In an exemplary case, cleaving a single bond connecting the two component fragments of a 2 nM ligand (1a, below) yielded one fragment (1g) with 58 micromolar activity and another (1d) whose activity was worse than 10 millimolar. Because the second fragment has such low affinity, the binding energy of linking is really just a lower estimate, but it seems to be at least 3.3 kcal/mol, which is greater than the binding energy of fragment 1d itself. In other words, the affinity brought about by linking is greater than the affinity of the weakly binding fragment. The superadditivity provided by the linker in this case is about 300-fold, a similar value to that observed in the unrelated MMP-12 system. This is perhaps all the more remarkable given the fact that the fragments are connected by a linker containing several rotatable bonds, the entropy of which should partially counter the advantages of linking.
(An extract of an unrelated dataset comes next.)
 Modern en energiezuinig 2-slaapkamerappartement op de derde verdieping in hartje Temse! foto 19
In fact, a common strategy to improve the potency of two linked fragments is to rigidify the linker. Often this doesn’t work: in a second case, the Sanofi-Aventis researchers cleaved one bond of a 3 nM ligand (2a, below) to yield two fragments with roughly equal potency. However, even though the linker is more rigid than in the previous example, the binding energy due to linking is less – just 2.0 kcal/mol, representing a boost of about 30-fold.



As the authors note:
The introduction of rigid aromatic moieties as a common approach to increase affinity does not necessarily maximize the benefit from the linker effect as detrimental affinity contributions might originate from suboptimal orientation and accommodation of specific binding elements.
There are many more examples in this paper than can be covered in a blog post; the authors dissect compounds 1a and 2a at a number of different points, and while the component fragments typically bind less tightly than simple additivity would suggest, there are lots of interesting details.
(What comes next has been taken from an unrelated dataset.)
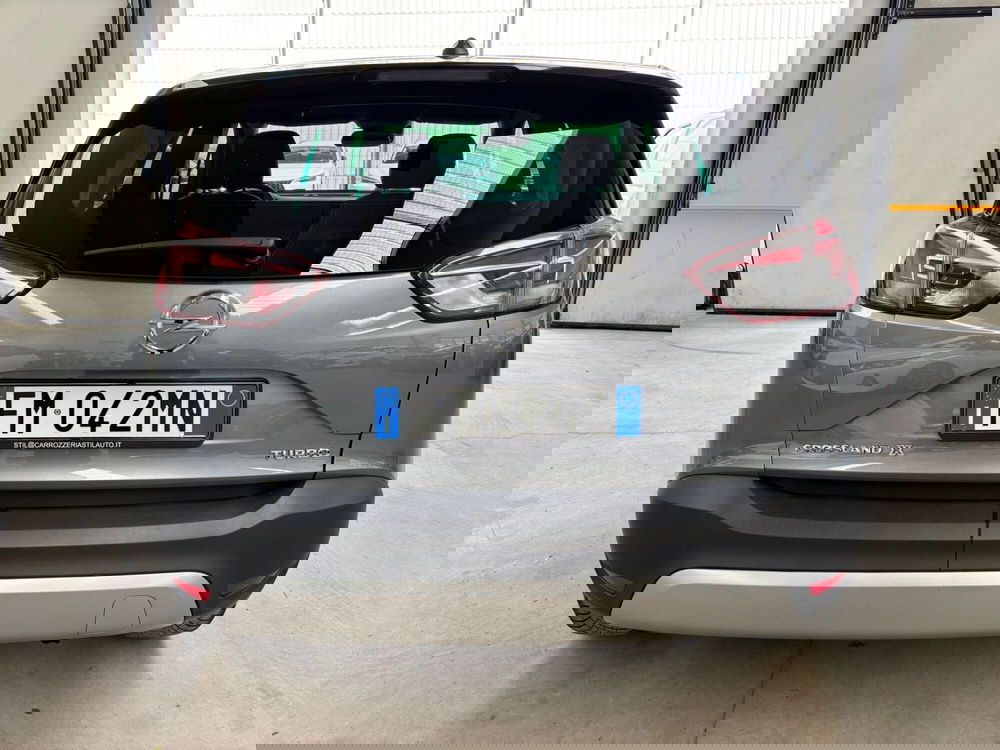 Opel Crossland X usata a Modena (6)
Finally, it is interesting to note that ligands 1a and 2a consist of a relatively hydrophobic fragment (1g or 2g) connected to a more polar fragment (1d or 2h). The fact that these show superadditivity is consistent with Mark Whittaker and colleagues' proposal last year that linking such fragments is likely to maximize additivity, although given the precise interactions made by both parts of the molecules the details get a bit messy. We’re not yet at the point where the universe of molecular interactions can be distilled to rigid rules.

1 comment:

Pete said...

Something worth remembering in ‘deconstruction’ studies like these is that the contributions to binding free energy of different intermolecular contacts cannot in general be measured and I would argue that they are not strict experimental observables. I do not believe that one can draw any conclusions from this work as to whether making linkers more or less rigid is a good, bad or otherwise. It is extremely difficult to make a linker more rigid without changing its shape and I am unaware of any convincing study that has clearly demonstrated the benefits of increasing the rigidity of ligands. In this study, we have two different linkers with different steric, geometric and conformational characteristics and they are associated with different linking free energies (as one might expect). Also the conserved amides in the two series are ‘reversed’ in that one is an anilide and the other a thiophene carboxamide. Interestingly, (the presumably more flexible) compound 1a shows a hint of strain in the sulphonamide unit as it is shown in Scheme 2 in the article (I can’t see the crystal structure itself) which would make me want to take a really good look at the electron density round the sulfonamide.